What the task requires: Pull out of the data below the stretch of lines bounded by the one containing "Prodej kompletně rekonstruovaného" and the one containing "3 Photograph of", both bounds included, unchanged.

--- START ---

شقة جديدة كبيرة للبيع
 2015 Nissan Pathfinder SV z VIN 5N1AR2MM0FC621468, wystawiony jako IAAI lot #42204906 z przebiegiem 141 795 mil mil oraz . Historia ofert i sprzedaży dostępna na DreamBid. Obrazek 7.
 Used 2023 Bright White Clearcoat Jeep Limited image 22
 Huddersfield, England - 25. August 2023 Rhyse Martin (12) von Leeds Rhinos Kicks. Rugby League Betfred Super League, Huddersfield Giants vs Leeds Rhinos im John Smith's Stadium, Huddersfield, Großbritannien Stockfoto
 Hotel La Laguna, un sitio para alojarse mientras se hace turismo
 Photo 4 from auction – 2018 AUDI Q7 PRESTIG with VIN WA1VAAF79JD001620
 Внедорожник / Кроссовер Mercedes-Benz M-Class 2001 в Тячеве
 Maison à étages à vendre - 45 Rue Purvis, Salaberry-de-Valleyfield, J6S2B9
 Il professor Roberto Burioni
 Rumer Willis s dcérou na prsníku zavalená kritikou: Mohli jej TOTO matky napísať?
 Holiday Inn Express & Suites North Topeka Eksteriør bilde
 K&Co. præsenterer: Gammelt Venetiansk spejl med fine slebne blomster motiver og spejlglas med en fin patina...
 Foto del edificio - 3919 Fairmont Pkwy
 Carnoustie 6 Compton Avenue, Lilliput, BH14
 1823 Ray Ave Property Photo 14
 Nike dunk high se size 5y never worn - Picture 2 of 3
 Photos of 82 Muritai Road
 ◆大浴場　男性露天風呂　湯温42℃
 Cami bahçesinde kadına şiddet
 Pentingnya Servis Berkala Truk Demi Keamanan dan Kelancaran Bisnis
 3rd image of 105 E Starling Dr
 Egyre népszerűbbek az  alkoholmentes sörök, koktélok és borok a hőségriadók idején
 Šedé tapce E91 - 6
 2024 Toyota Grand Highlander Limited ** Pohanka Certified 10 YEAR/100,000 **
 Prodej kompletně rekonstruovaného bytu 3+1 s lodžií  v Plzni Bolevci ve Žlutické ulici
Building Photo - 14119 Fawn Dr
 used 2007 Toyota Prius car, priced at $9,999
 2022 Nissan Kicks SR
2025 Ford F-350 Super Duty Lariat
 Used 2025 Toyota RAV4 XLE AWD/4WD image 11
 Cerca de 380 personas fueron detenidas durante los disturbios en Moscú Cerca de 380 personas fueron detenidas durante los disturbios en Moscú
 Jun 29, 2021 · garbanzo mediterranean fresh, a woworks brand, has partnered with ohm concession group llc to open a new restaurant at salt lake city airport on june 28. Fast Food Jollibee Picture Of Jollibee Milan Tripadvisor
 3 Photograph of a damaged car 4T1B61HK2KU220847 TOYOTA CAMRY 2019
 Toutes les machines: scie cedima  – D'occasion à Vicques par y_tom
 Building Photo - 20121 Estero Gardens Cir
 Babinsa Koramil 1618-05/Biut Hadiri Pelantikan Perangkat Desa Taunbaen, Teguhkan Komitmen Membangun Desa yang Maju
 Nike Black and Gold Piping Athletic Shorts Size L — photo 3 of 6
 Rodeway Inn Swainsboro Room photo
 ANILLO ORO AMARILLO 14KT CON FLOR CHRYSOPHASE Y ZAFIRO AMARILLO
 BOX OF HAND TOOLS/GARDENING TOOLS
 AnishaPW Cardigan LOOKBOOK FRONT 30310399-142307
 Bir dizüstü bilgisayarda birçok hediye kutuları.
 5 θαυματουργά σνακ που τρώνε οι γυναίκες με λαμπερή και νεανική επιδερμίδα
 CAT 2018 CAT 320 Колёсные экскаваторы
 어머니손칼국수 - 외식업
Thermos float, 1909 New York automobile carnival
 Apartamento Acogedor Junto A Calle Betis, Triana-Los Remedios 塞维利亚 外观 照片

--- END ---

Reply:
 Prodej kompletně rekonstruovaného bytu 3+1 s lodžií  v Plzni Bolevci ve Žlutické ulici
Building Photo - 14119 Fawn Dr
 used 2007 Toyota Prius car, priced at $9,999
 2022 Nissan Kicks SR
2025 Ford F-350 Super Duty Lariat
 Used 2025 Toyota RAV4 XLE AWD/4WD image 11
 Cerca de 380 personas fueron detenidas durante los disturbios en Moscú Cerca de 380 personas fueron detenidas durante los disturbios en Moscú
 Jun 29, 2021 · garbanzo mediterranean fresh, a woworks brand, has partnered with ohm concession group llc to open a new restaurant at salt lake city airport on june 28. Fast Food Jollibee Picture Of Jollibee Milan Tripadvisor
 3 Photograph of a damaged car 4T1B61HK2KU220847 TOYOTA CAMRY 2019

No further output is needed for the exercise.